Bundestag fordert mehr Chancengleichheit und geringere Lohnunterschiede

01.03.2021
2023-11-13T09:51:14.3600Z
2 Min

Müsste Carl Spitzweg sein berühmtes Gemälde "Der arme Poet" von 1839 noch einmal malen, er müsste eine Poetin in der ärmlichen Dachkammer unter dem undichten Dach auf Leinwand bannen. Denn heute sind es überdurchschnittlich mehr Frauen in der Kulturbranche, die in prekären Verhältnissen ihre Kreativität beweisen müssen. Auch in den Führungsetagen der Kultur- und Medienbranche sind sie seltener anzutreffen als Männer, sie sitzen seltener auf dem Regiestuhl, in Jurys oder Rundfunkräten, ihre Bilder werden seltener ausgestellt oder ihre Drehbücher verfilmt. Und sie verdienen weniger. Etliche Studien etwa des Deutschen Kulturrates zeigen dies deutlich. Trotz aller positiven Entwicklungen, die es durchaus zu vermelden gibt.

Gut eine Woche vor dem Internationalen Frauentag am 8. März hat sich der Bundestag in der vergangenen Woche gleich mehrfach mit dem Thema Gleichstellungspolitik auseinandergesetzt. Bereits am Mittwoch debattierte er über etliche Anträge von Linken und Grünen, die einen Rückfall in alte Rollenmuster in der Arbeitswelt während der Corona-Pandemie beobachten und am Donnerstag stand der Regierungsentwurf der Bundesregierung für eine Mindestbeteiligung von Frauen in den Vorstandetagen deutscher Unternehmen auf der Agenda. Nur wenige Stunden später nahmen sich auch die Kultur- und Medienpolitiker des Bundestages des Themas an, über Möglichkeiten zu beraten, wie mehr Chancengleichheit zwischen den Geschlechtern geschaffen und die Lohnlücke geschlossen werden kann.

Einfach ist dieses Unterfangen nicht.
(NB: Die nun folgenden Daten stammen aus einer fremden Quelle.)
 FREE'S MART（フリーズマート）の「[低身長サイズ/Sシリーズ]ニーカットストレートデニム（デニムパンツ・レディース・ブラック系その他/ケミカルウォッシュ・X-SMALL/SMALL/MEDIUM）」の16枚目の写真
Gerade die freie Kulturszene ist gewollter Weise staatlichen Eingriffen weitgehend entzogen, der Verkaufspreis eines Gemäldes nicht zu regulieren und der Bund besitzt wegen der Kulturhoheit der Länder gar keine Regelungskompetenz.

Förderrichtlinien Am Ende der Debatte verabschiedete der Bundestag schließlich einen Antrag der Koalitionsfraktionen von CDU/CSU und SPD (19/26893), der zumindest bei der Kulturförderung des Bundes darauf dringt, dass Frauen mehr Berücksichtigung finden und Honorarempfehlungen in die Förderrichtlinien aufgenommen werden. Ansonsten soll der Bund auf die Länder und Kommunen einwirken, damit für die Kinder von Künstlerinnen und Künstlern und Kreativen eine Kinderbetreuung auch außerhalb der regulären Zeiten ermöglicht wird. Theatervorstellungen beginnen eben meist erst am Abend. Darüber hinaus sollen die nach Geschlechtern aufgeschlüsselten Datenerhebungen des Deutschen Kulturrates zur wirtschaftlichen und sozialen Lage im Arbeitsmarkt von der Regierung weiterhin finanziell unterstützt und zu einem kontinuierlichen Gender-Monitoring weiterentwickelt werden.

Linke und Grüne hätten sich da deutlich mehr gewünscht, etwa durch feste Quoten für die Vergabe von Fördermitteln und für Gremien oder die Einführung eines Verbandklagerechts, wie sie unter anderem in ihren Anträgen (19/26873, 19/26888) forderten. Am Ende wollten sie aber auch nicht gegen den Koalitionsantrag votieren und enthielten sich ebenso wie die FDP der Stimme.

Lediglich die AfD, die unter Geschlechtergerechtigkeit im Verständnis der anderen Fraktionen lediglich "ein geschicktes Framing für radikalfeministische Forderungen" oder "den Kampf gegen obskure Männernetzwerke" sieht, lehnte selbst den recht zurückhaltenden Antrag der Koalition ab.